Wer trägt die Verantwortung, wenn Raubkopien im Internet ausgetauscht werden? Diese brisante Frage beschäftigt jetzt den Obersten Gerichtshof der USA. Die Richter nahmen einen entsprechenden Prüfantrag der Unterhaltungsindustrie an.

Washington - Laut der Nachrichtenagentur Reuters wird das Gericht prüfen, ob die dezentralen Netzwerke, auf deren Festplatten Musik und Filme getauscht werden können, für illegales Kopieren ihrer Kunden verantwortlich gemacht werden können. Untergeordnete Instanzen hatten es bislang abgelehnt, Netzwerke wie "Grokster" oder "Morpheus" zu schließen, die es den Nutzern erlauben, Musik und Filme kostenfrei zu kopieren. Zur Begründung hieß es, die Netzwerke dienten auch legitimen Zwecken. Voraussichtlich im März werden die Richter die Kontrahenten anhören. Das Urteil wird bis Ende Juni erwartet.

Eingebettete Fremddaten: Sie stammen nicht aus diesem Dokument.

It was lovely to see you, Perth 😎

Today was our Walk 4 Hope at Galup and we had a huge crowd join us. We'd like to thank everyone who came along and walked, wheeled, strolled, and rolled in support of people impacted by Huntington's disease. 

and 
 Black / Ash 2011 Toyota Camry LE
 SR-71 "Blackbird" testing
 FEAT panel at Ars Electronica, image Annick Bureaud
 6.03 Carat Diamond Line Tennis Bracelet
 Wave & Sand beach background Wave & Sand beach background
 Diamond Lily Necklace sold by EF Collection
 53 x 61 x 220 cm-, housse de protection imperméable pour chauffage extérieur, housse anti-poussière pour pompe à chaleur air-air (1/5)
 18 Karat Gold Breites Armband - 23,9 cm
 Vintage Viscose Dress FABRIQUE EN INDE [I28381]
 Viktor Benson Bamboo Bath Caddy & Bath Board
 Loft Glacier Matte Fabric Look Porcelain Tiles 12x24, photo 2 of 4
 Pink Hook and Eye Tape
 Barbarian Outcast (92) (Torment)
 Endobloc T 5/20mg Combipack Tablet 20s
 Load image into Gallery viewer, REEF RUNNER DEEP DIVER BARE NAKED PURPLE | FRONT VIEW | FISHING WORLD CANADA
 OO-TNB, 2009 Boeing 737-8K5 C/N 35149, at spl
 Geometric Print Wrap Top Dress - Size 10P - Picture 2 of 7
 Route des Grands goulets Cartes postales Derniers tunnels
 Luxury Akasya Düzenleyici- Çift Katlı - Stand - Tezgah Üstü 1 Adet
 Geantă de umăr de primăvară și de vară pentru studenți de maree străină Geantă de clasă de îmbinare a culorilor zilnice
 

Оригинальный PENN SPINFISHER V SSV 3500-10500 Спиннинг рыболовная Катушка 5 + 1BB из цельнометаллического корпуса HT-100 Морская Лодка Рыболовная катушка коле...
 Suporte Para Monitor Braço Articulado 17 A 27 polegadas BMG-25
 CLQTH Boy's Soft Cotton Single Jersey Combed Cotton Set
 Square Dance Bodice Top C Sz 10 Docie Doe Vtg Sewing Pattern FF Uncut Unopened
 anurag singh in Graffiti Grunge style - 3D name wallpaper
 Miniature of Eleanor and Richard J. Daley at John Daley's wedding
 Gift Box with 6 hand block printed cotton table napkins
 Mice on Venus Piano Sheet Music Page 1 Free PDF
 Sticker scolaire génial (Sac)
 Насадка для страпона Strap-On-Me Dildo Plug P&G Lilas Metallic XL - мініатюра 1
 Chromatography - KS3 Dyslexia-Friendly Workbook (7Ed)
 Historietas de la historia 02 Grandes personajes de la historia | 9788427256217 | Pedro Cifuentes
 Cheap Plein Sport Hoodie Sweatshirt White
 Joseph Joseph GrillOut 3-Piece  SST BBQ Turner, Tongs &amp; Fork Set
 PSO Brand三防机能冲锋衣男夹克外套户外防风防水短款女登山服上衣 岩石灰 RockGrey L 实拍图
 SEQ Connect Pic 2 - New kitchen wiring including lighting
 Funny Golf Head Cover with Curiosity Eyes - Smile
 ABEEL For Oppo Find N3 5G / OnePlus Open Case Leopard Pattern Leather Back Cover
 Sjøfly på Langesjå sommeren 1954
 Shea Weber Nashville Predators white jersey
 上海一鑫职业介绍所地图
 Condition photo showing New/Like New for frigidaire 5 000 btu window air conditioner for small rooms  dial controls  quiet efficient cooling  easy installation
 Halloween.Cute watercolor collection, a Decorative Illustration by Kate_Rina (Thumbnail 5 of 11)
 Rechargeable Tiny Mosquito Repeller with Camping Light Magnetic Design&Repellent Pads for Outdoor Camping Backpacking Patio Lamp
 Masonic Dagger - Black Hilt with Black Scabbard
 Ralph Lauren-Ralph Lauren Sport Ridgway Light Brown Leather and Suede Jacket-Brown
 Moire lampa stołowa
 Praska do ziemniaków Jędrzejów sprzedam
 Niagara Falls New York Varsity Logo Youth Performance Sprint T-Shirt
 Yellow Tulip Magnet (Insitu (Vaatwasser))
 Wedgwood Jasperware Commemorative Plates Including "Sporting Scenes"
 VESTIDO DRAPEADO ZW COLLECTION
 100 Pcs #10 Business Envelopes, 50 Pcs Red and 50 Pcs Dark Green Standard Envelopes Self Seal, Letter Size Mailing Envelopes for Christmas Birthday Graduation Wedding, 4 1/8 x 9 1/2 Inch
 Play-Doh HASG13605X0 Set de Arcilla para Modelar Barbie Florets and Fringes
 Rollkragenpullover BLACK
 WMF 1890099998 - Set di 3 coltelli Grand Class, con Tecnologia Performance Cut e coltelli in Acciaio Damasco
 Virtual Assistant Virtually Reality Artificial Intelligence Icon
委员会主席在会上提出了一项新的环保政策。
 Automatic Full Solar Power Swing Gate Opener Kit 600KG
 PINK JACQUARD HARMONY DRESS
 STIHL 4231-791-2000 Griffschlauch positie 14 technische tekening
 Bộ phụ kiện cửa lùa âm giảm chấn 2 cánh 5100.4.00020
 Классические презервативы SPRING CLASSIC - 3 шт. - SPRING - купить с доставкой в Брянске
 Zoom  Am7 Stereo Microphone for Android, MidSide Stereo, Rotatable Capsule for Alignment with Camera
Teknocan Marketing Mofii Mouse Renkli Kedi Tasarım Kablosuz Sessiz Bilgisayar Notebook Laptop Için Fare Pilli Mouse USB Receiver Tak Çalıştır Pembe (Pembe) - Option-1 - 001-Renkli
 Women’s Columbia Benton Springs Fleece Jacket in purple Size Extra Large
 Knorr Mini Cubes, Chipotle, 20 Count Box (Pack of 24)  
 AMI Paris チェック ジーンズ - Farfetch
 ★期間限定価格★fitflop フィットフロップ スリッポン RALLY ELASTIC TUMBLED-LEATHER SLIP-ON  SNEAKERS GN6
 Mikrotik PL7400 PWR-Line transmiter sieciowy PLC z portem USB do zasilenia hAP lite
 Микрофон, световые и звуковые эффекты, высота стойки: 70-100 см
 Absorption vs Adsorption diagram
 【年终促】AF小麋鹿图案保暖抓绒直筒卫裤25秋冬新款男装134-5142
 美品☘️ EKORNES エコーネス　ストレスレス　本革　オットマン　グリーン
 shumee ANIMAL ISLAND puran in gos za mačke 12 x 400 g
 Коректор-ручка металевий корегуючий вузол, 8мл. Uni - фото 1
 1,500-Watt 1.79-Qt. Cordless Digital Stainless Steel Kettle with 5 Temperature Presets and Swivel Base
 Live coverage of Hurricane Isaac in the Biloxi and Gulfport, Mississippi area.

Der Unterhaltungsbranche war es zwar gelungen, die Musiktauschbörse "Napster" zu schließen, doch sind seither zahlreiche dezentrale Tauschbörsen entstanden. "Grokster" ist nur eine von vielen Internet-Tauschbörsen, die von der weltweiten Musik- und Filmindustrie für jahrelange Umsatzeinbußen verantwortlich gemacht wird.

Der Bertelsmann-Konzern war im Jahr 2000 eine Allianz mit "Napster" eingegangen und hatte damit die Kritik seiner eigenen Musiktochter BMG und deren Konkurrenten wie Universal Music und EMI auf sich gezogen. Die Musikindustrie wirft Bertelsmann vor, durch die Investition die Existenz von "Napster" verlängert und so den Schaden für die Branche vergrößert zu haben. Derzeit verhandelt die gemeinsame Musiktochter von Sony und BMG, Sony BMG, mit "Grokster" über eine Zusammenarbeit.